Recorded information —

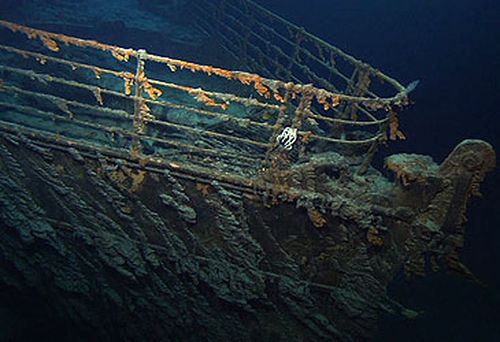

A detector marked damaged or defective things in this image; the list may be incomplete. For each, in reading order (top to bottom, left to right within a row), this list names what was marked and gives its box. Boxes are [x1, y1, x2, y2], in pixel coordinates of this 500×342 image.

corroded railing [0, 18, 410, 192]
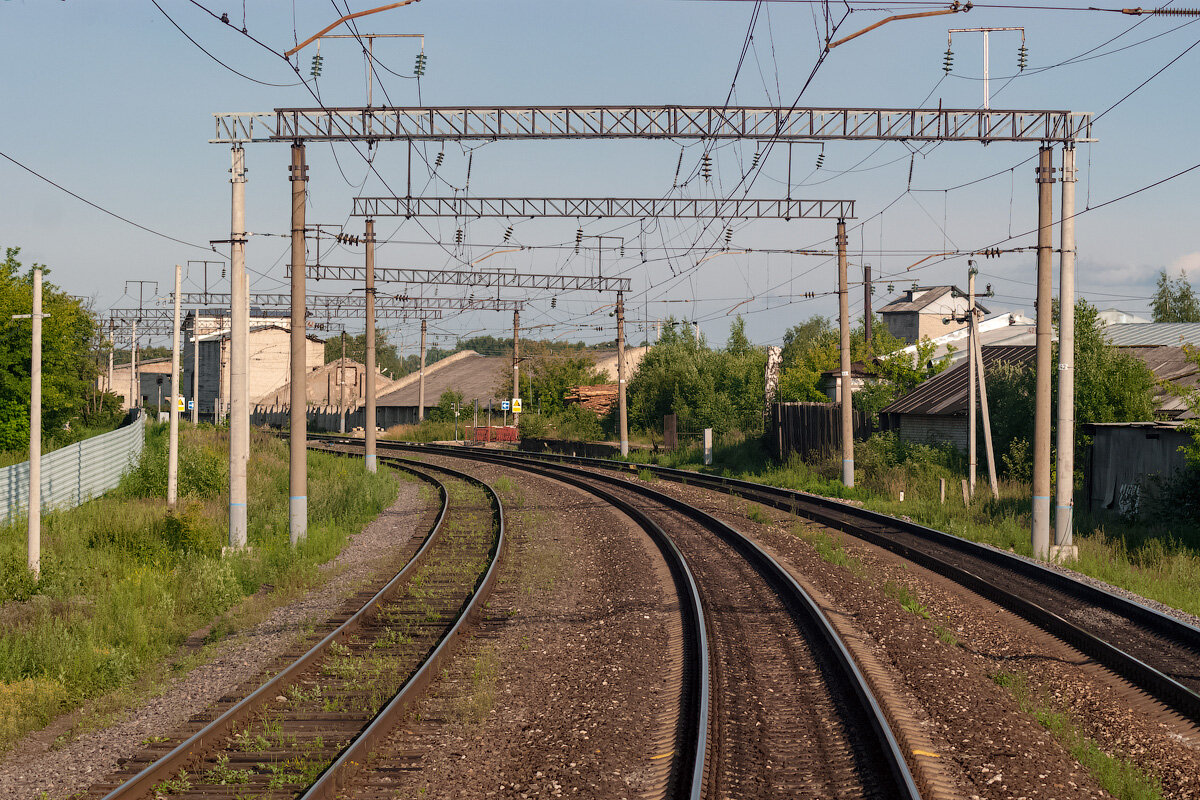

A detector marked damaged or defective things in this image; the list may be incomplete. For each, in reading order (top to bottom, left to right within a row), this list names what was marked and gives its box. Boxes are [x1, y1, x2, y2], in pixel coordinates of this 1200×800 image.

rusted metal pole [229, 145, 248, 551]
rusted metal pole [289, 140, 309, 546]
rusted metal pole [835, 221, 854, 491]
rusted metal pole [1032, 145, 1051, 556]
rusted metal pole [1060, 143, 1080, 556]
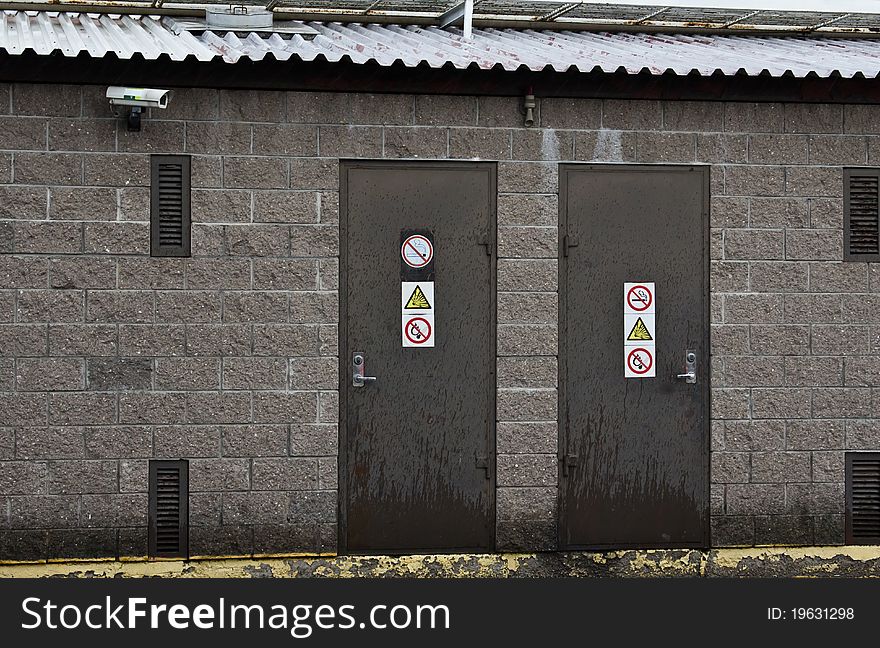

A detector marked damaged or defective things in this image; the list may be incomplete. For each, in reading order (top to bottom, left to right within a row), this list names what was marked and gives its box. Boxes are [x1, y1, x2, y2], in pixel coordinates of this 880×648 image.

rusty streak on door [340, 161, 498, 552]
rusty streak on door [560, 165, 712, 548]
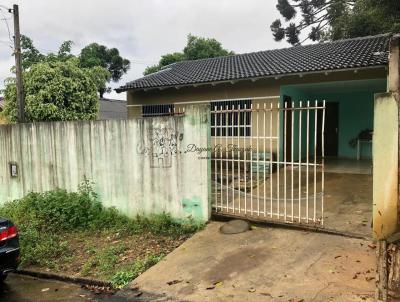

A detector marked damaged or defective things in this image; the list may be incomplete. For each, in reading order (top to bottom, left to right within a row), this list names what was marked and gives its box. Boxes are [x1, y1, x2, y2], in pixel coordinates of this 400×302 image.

rusty stain on wall [0, 104, 211, 222]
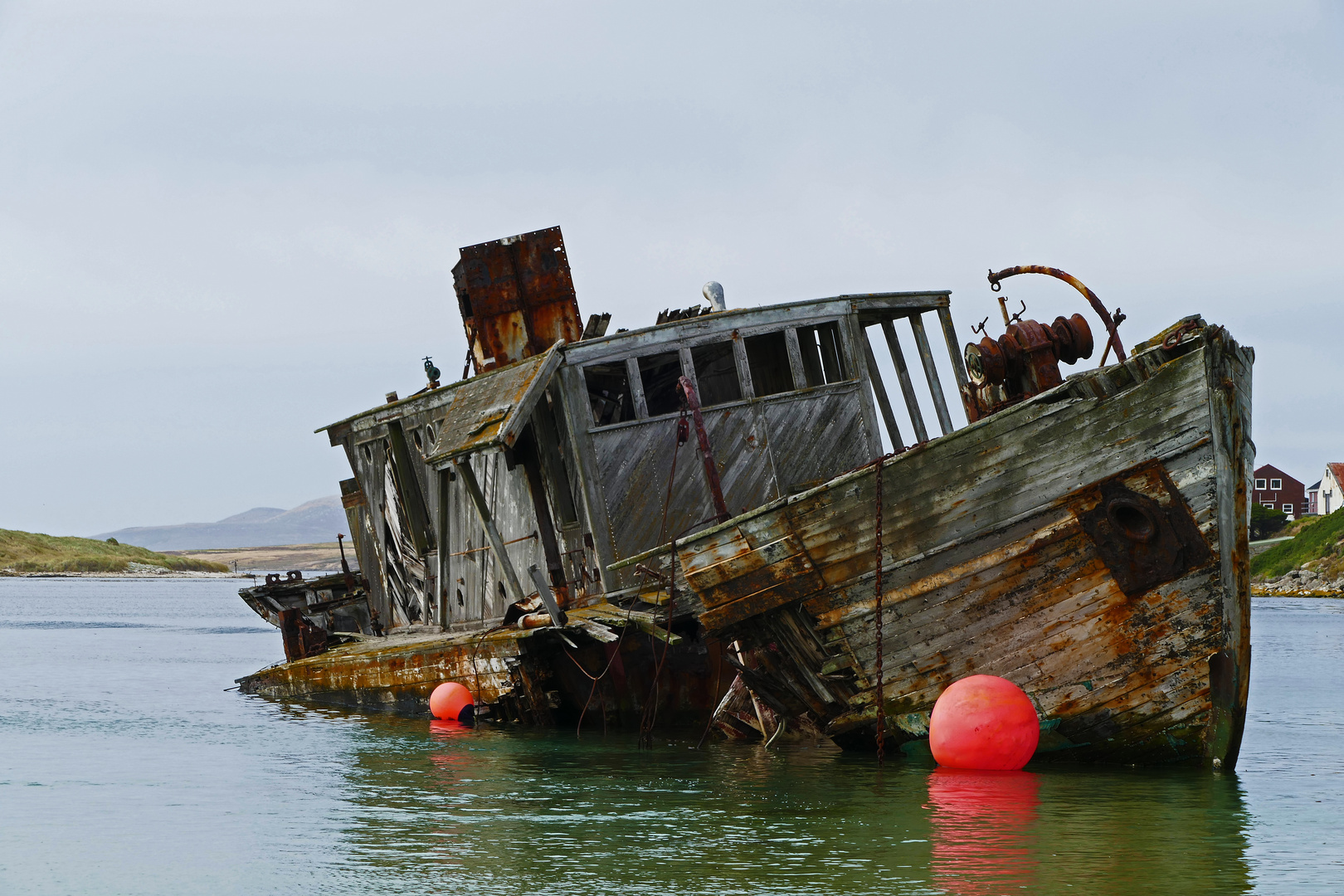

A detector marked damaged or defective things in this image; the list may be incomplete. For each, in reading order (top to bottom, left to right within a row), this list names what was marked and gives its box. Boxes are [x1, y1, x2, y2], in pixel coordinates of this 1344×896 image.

Task brief — Output the records above exactly, leaving out pictures.

Output below —
A detector marked damaged or defective things in this image; the list may be incomplete. For each, in reading order (top to bottom, left to right within a row), this list names what was marked and gives its box. Boxes are [x1, y1, x2, y2], in pixel coordinates of this 500×342 image.

corroded railing [0, 18, 410, 192]

A detector marked damaged or defective things in this image; the list may be incomplete. For each, in reading order (top to bottom, left to right within a row), this list names what was marked and gives its box. Boxes are [x1, y1, x2, y2], in pixel coordinates of this 1200×800 image.

rusted metal pole [229, 145, 248, 551]
rusted metal pole [289, 140, 309, 546]
rusted metal pole [835, 221, 854, 491]
rusted metal pole [1032, 145, 1051, 556]
rusted metal pole [1060, 143, 1080, 556]

A detector marked damaged or defective things in this image; the list may be incomplete. For each, in reading order (top to bottom, left to right within a row), this list names what was marked and gives its box. Boxes are [x1, y1, x2, y2], in pixel coordinates of this 880×648 image.

rusty streak on door [340, 161, 498, 552]
rusty streak on door [560, 165, 712, 548]

A detector marked damaged or defective things in this image; the list may be incomplete. For each, in reading order (top to bottom, left to right within a row), this list names what was marked and gives its box. Boxes are [x1, y1, x2, y2], in pixel coordinates of this 400×302 image.

rusty stain on wall [0, 104, 211, 222]

A detector marked damaged or defective things in this image; the list may be incomplete. For each, in reading order (top to bottom, left to right within a row), this list names what was marked and gives its box. Boxes are [x1, y1, x2, y2], in pixel coordinates of this 1344×896 image.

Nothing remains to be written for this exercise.